Task instructions: Transcribe only the lines from the one containing "Fridgemaster MTM48120ES Freestanding" through the final line of the entries below, exactly, and exclude the pictures.
(Provided data)
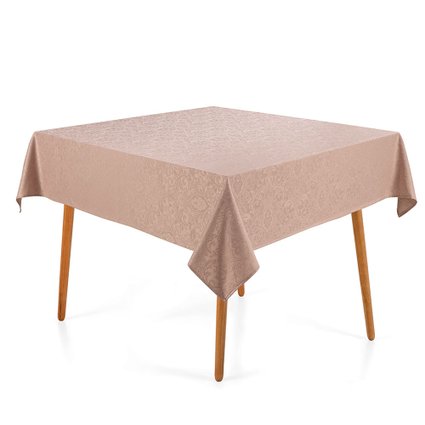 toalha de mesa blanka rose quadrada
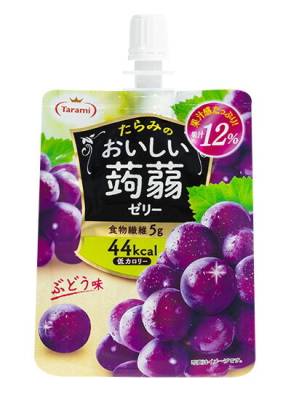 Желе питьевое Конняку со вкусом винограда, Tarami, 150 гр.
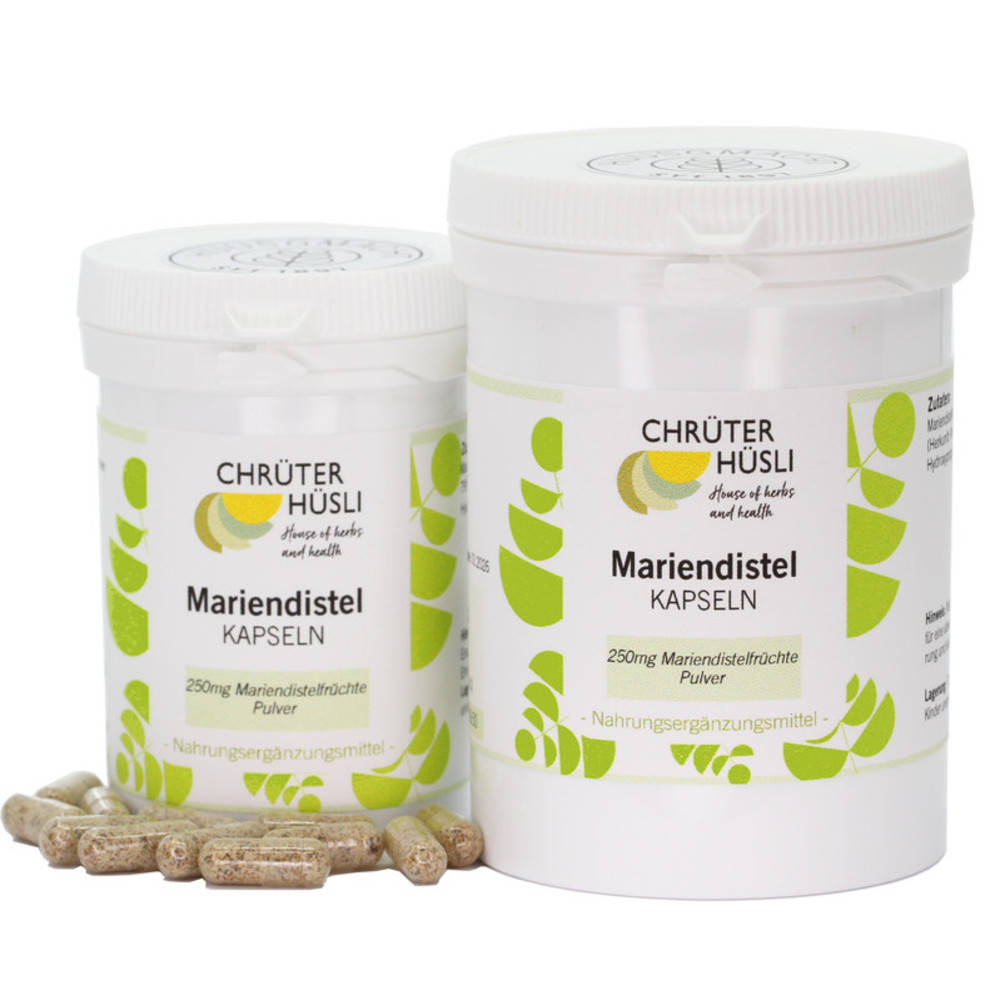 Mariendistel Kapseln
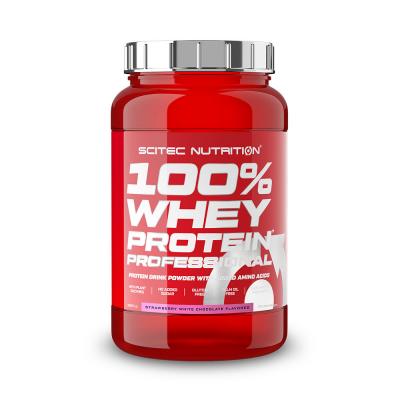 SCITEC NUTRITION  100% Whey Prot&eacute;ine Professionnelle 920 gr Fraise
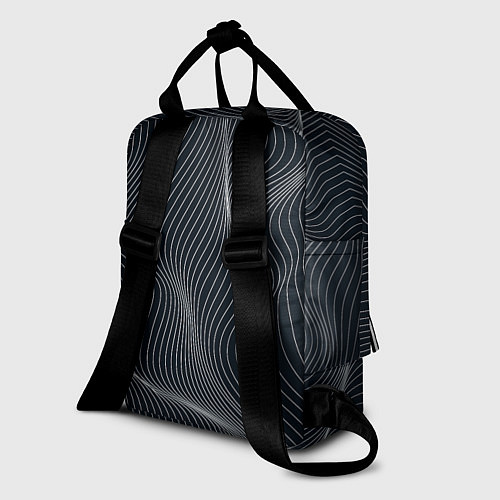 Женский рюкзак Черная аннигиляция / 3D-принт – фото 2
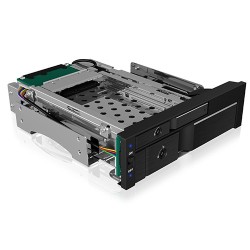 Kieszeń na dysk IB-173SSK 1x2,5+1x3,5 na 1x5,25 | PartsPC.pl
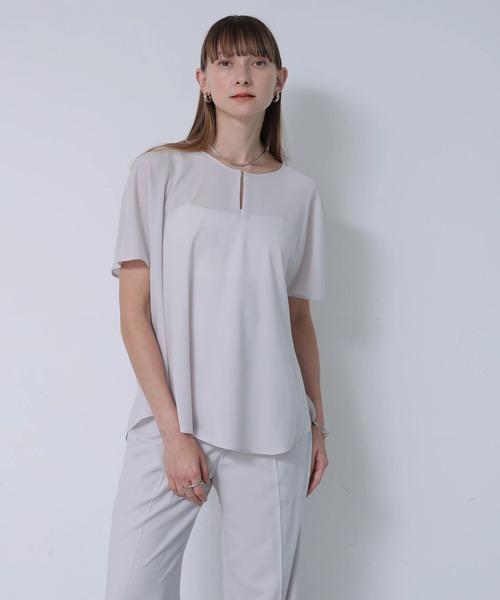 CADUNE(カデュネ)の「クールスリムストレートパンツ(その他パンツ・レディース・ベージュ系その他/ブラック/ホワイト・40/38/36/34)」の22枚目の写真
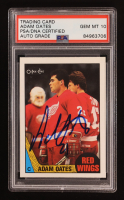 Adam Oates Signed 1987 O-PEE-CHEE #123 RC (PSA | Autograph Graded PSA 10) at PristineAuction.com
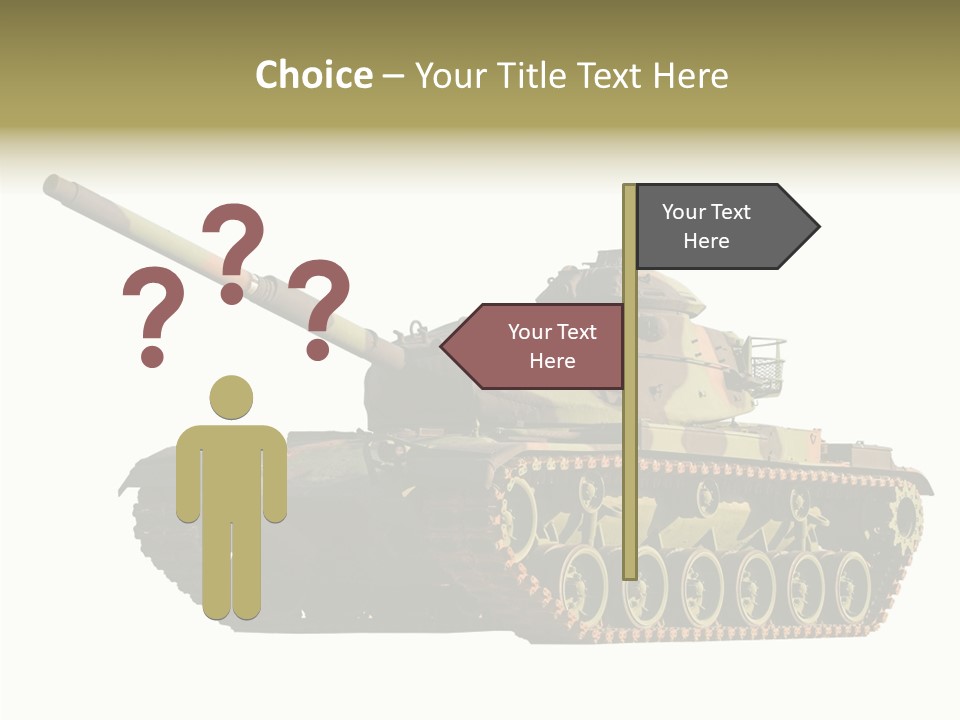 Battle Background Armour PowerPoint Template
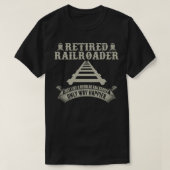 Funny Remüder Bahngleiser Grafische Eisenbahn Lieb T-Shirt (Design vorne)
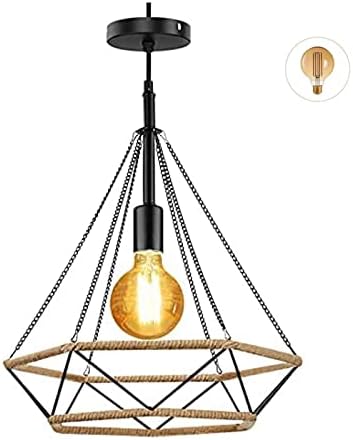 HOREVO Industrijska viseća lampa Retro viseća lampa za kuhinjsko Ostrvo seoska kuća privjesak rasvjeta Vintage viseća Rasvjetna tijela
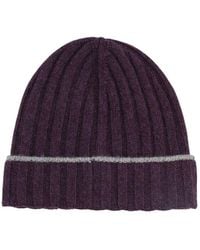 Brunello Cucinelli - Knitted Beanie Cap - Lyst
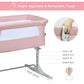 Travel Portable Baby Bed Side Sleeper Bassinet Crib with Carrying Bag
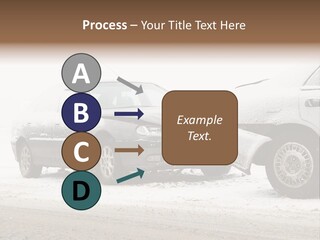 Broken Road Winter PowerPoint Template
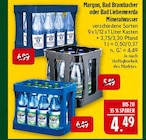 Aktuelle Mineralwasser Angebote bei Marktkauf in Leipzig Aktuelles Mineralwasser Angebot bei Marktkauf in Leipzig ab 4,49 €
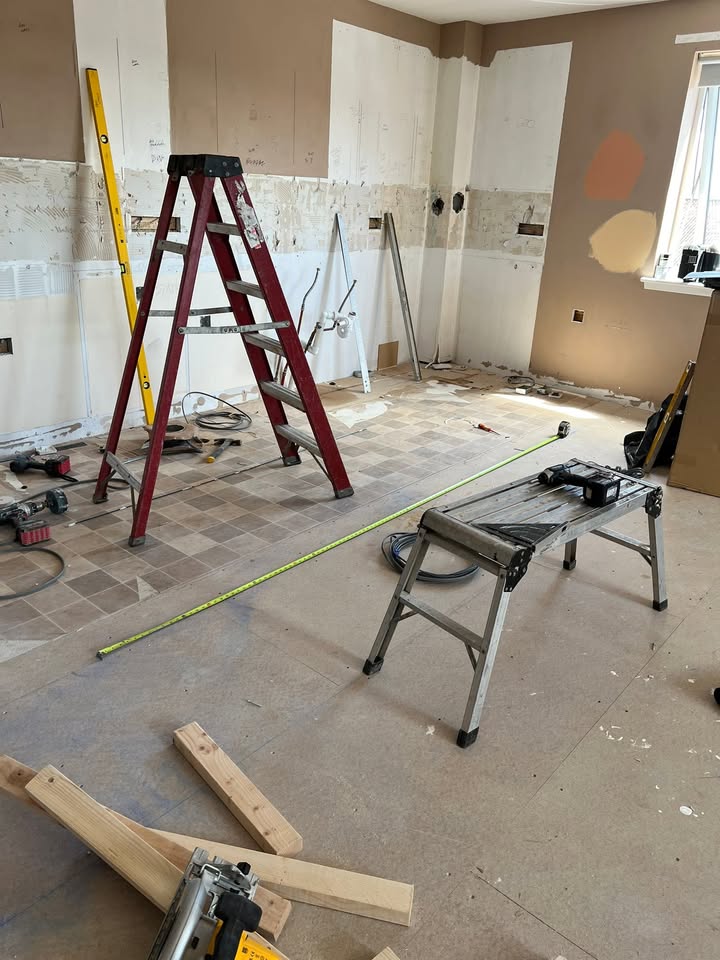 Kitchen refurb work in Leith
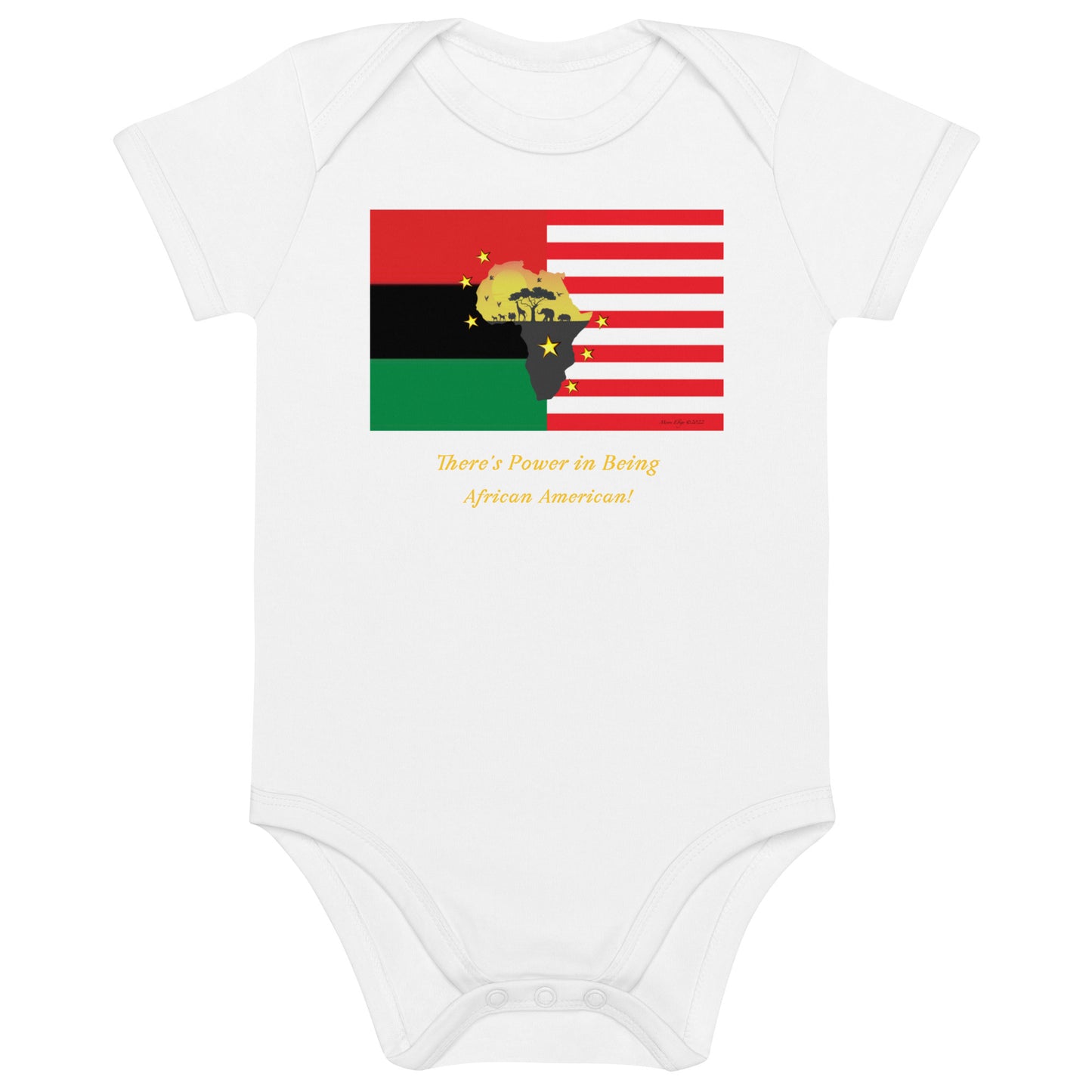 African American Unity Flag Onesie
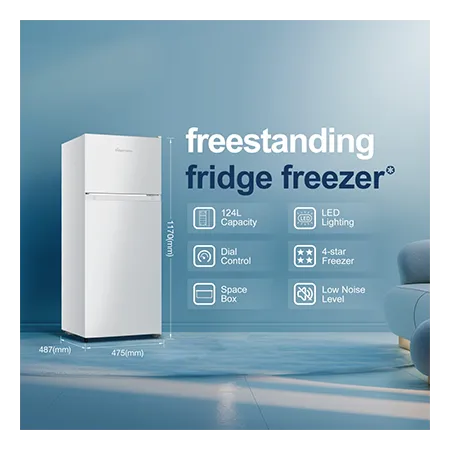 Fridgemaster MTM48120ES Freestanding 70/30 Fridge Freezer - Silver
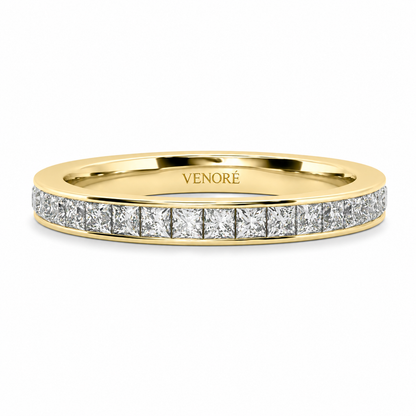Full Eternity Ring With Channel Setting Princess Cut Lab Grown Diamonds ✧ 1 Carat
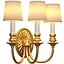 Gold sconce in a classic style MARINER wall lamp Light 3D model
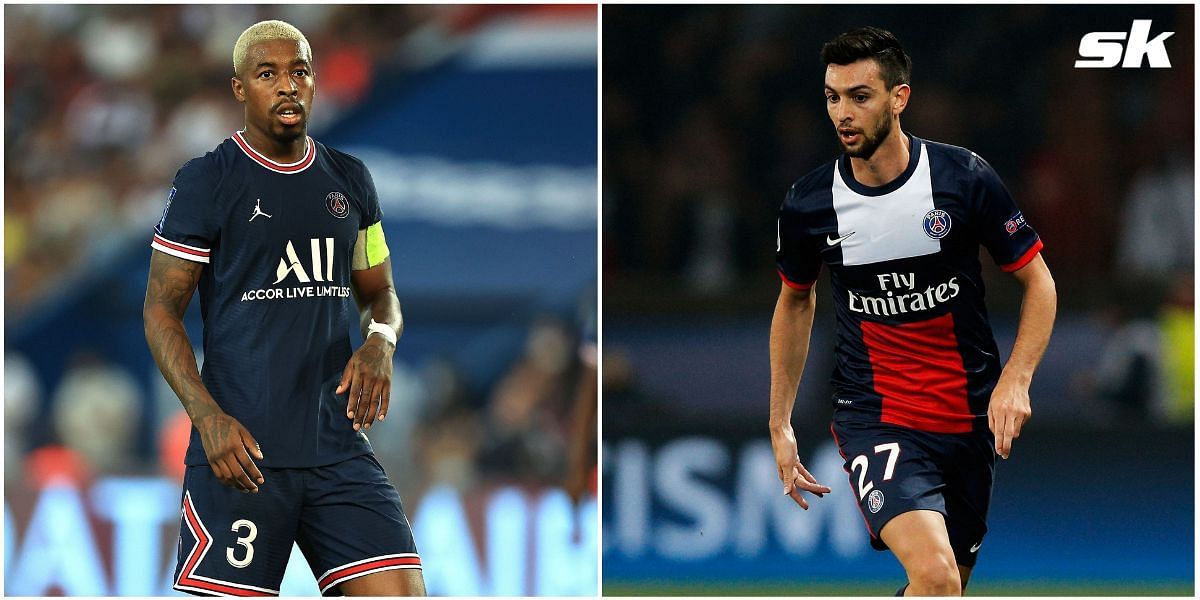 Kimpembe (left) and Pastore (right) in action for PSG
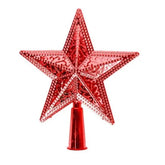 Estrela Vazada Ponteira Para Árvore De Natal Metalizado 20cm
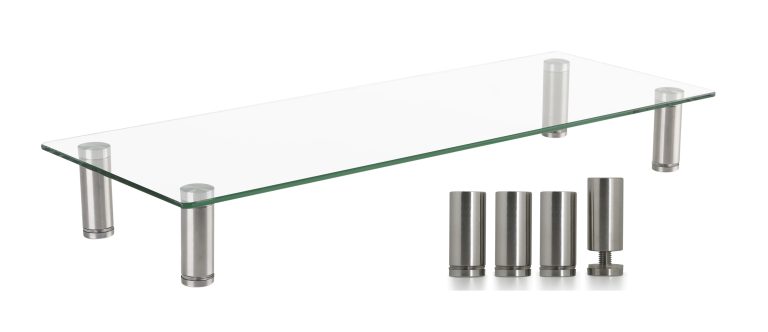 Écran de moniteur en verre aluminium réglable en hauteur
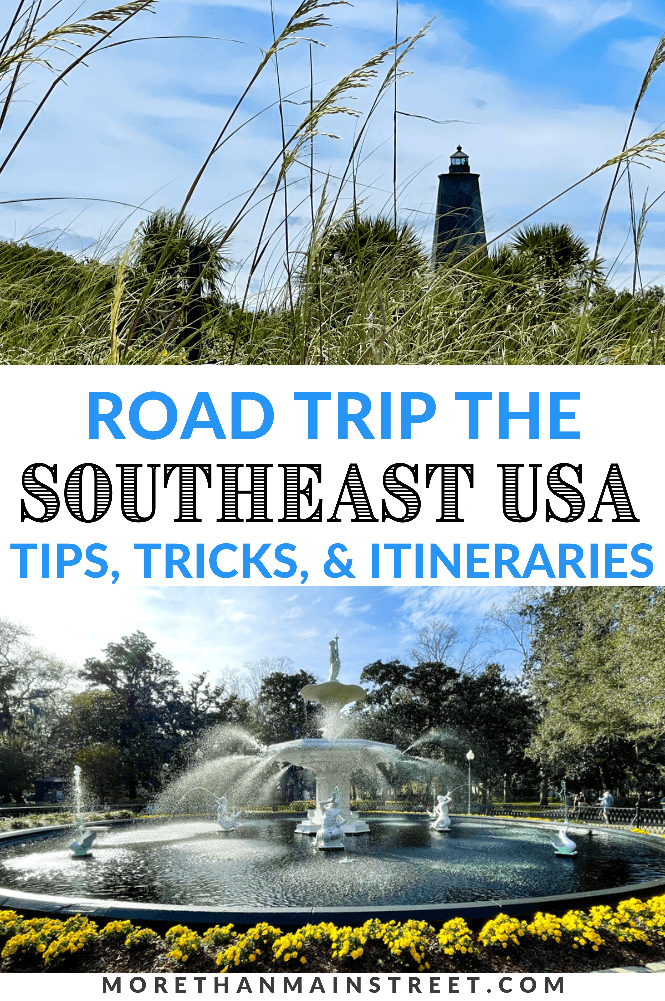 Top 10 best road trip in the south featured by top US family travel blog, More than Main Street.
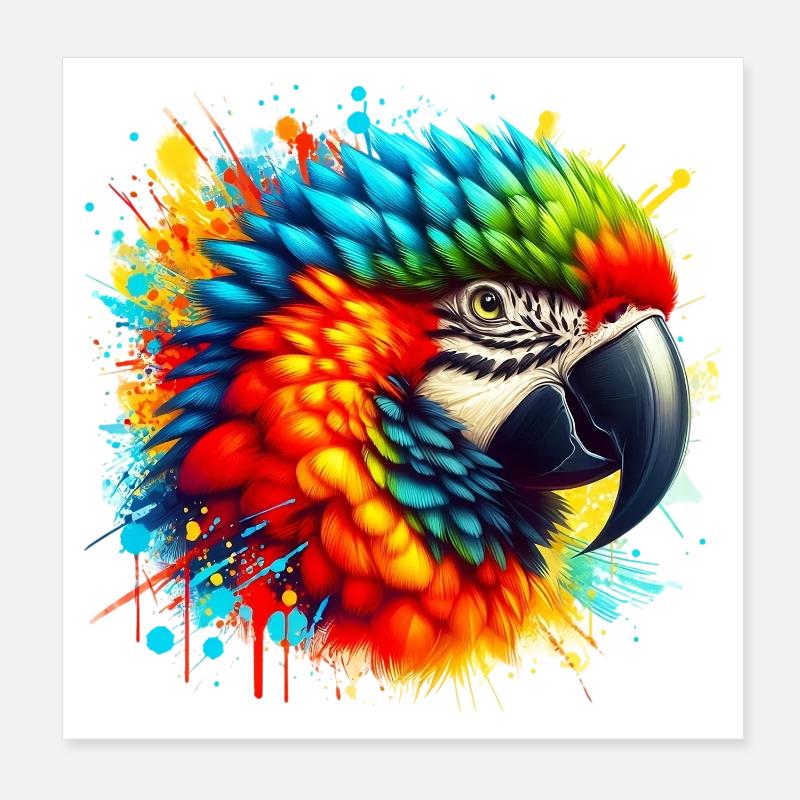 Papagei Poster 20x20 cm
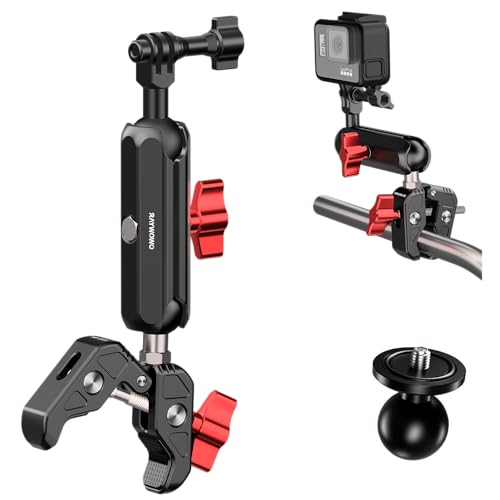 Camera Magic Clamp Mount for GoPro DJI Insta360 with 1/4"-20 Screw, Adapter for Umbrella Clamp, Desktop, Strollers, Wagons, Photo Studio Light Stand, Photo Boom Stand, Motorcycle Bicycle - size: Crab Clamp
(End Provided data)
Result for this exercise:
 Fridgemaster MTM48120ES Freestanding 70/30 Fridge Freezer - Silver
Full Eternity Ring With Channel Setting Princess Cut Lab Grown Diamonds ✧ 1 Carat
 Gold sconce in a classic style MARINER wall lamp Light 3D model
 Kimpembe (left) and Pastore (right) in action for PSG
 Estrela Vazada Ponteira Para Árvore De Natal Metalizado 20cm
 Écran de moniteur en verre aluminium réglable en hauteur
 Top 10 best road trip in the south featured by top US family travel blog, More than Main Street.
 Papagei Poster 20x20 cm
 Camera Magic Clamp Mount for GoPro DJI Insta360 with 1/4"-20 Screw, Adapter for Umbrella Clamp, Desktop, Strollers, Wagons, Photo Studio Light Stand, Photo Boom Stand, Motorcycle Bicycle - size: Crab Clamp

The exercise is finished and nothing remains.